Für palmOS wird man sicher ein paar Kleinigkeiten anpassen müssen, aber es sollte nicht sehr schwierig sein.


----------



## maccap (22 Juli 2005)

Das hört sich ja gut an, mein Thema für die Diplomarbeit nimmt so langsam immer mehr Form an.  
Dass der Quellcode von libnodave beiliegt, wusste ich noch nicht.
@Zottel:  Ist es dir Recht, wenn ich Fragmente davon für mein Programm nutzen würde? Das einzige was ich Dir dafür geben kann, ist eine "Würdigung" innerhalb meiner Diplomarbeit.
Start ist eh erst im Herbst, muss halt erstmal das Thema finden und eingrenzen.

Gruß Mario


----------



## Zottel (22 Juli 2005)

maccap schrieb:
			
		

> @Zottel:  Ist es dir Recht, wenn ich Fragmente davon für mein Programm nutzen würde? Das einzige was ich Dir dafür geben kann, ist eine "Würdigung" innerhalb meiner Diplomarbeit.


Dafür steht es ja unter (L)GPL ((Library) General Public License).
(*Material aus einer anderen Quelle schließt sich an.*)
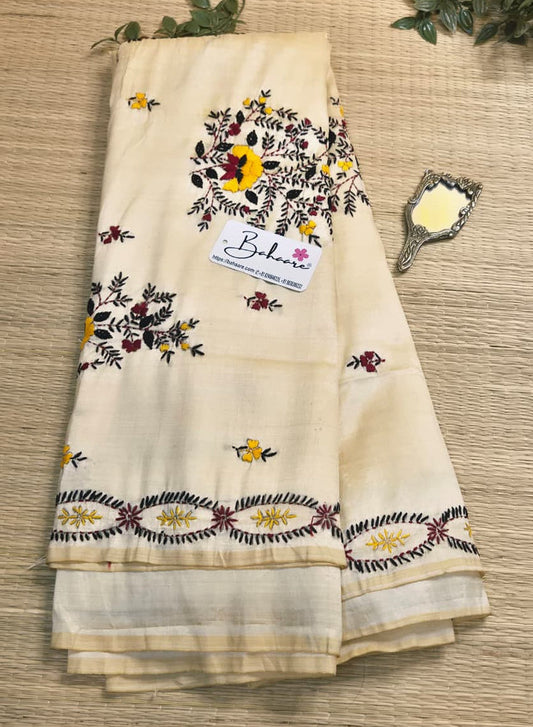 Cotton Galleria | Creamy Latte Chanderi Cotton-Silk Saree with Heritage Kantha Motif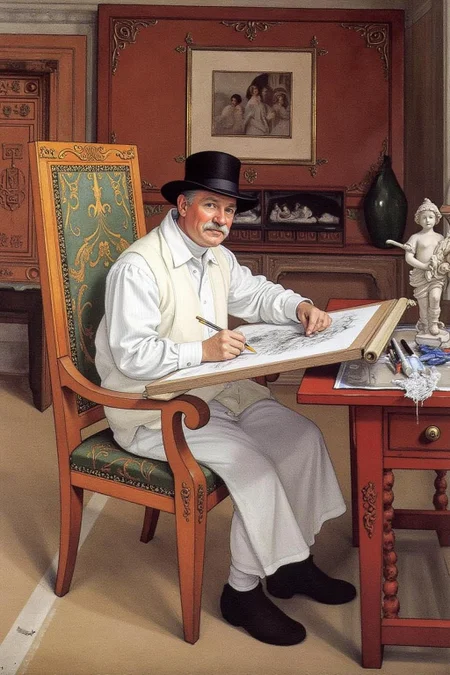 car1ar painting.
A middle-aged man sitting in an ornate, high-backed wooden armchair with a cushioned seat. He is dressed in a white, long-sleeved shirt and white trousers, and wears a black top hat, giving him a distinguished, scholarly appearance. The man is drawing on a canvas. He is turning his head to look at the viewer. There is a statue on the table. <lora:car1ar1_cap_d6a3:1.0><lora:825497361728944734:0>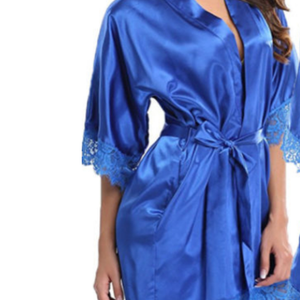 Ice Silk Pajamas Two-Piece Set Large Size plus-Sized Nightdress Sexy Loose Lace Bathrobe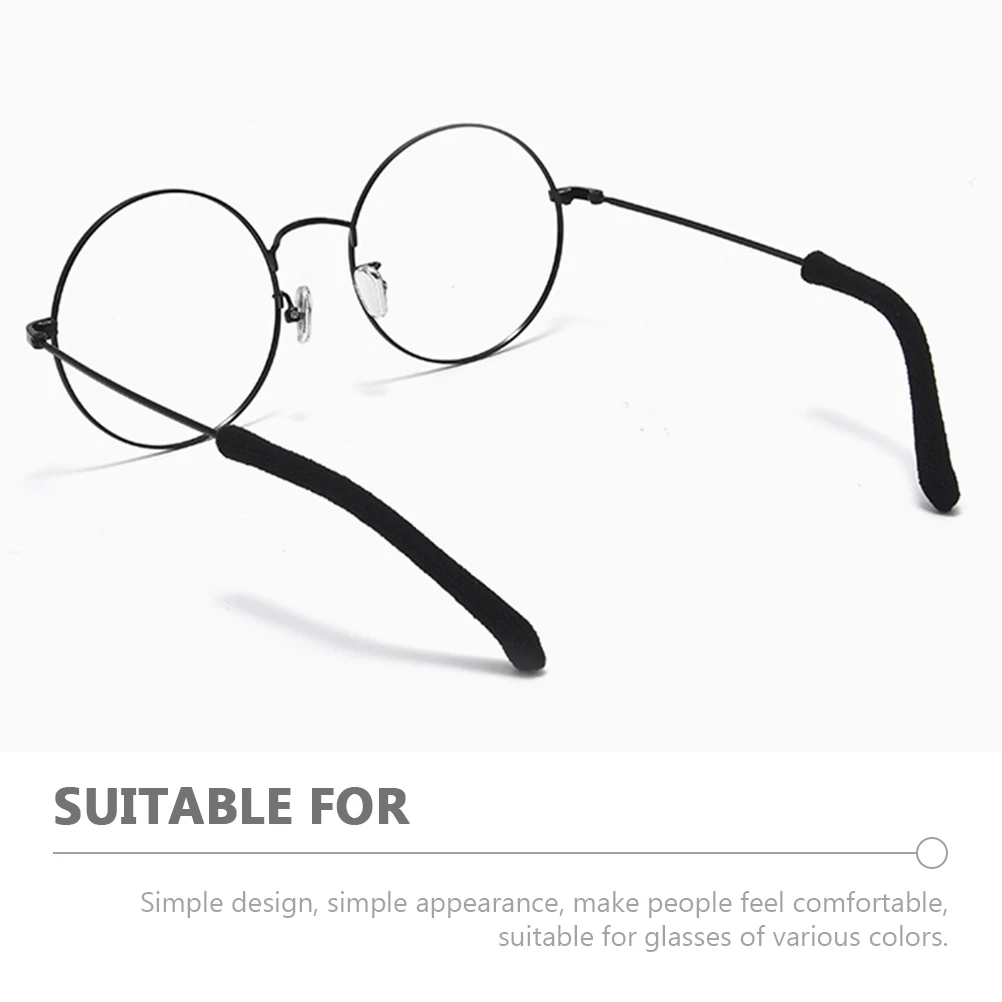 

2pcs Glasses Temple Covers Soft Knitted Cotton Ear Grips Non Slip Elastic Protectors for Spectacles Accessories Black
Das einzige was Du tun mußt, ist bei einem Fragment, das einige Codezeilen umfaßt, angeben wo es her kommt, wessen Copyright es ist und wo der vollständige Code erhältlich ist.


----------



## lorenz2512 (25 Juli 2005)

Hallo, 
welche Enttäuschung, zu meiner Anfrage(Palm-PG) habe ich nur eine Preisliste und andere Infos bekommen (bei den 40€ bleibt es nicht,  für S5 und S7 Vollausbau sind so um die 950€ fällig :roll, also lade ich mir jetzt einen Palm-Simulator und versuche mein Glück mit der Demo.

mfg

dietmar


----------



## Schubert (16 September 2005)

Zur Kopplung PDA zu S7 einfach einen OPC Server auf WIN CE Basis (von WINCC Flex.) und mittels eines CP343-1 LEAN für S7-300 bzw.
CP443-1 für S7-400 mit nachgeschalteten Wandler auf Wireless LAN verwenden, dann ist das PDA auch noch tranportabel verwendbar (ist bei
größeren Anlagen vorteilhaft)


----------



## 0815prog (1 Oktober 2005)

Hallo,

@Schubert: Wie ist das genauer "OPC Server auf WinCE Basis von WinCC flex"?? Der Rest (CP usw.) ist klar.

Genau so etwas suche ich im Moment.

_____________________________________________________________


----------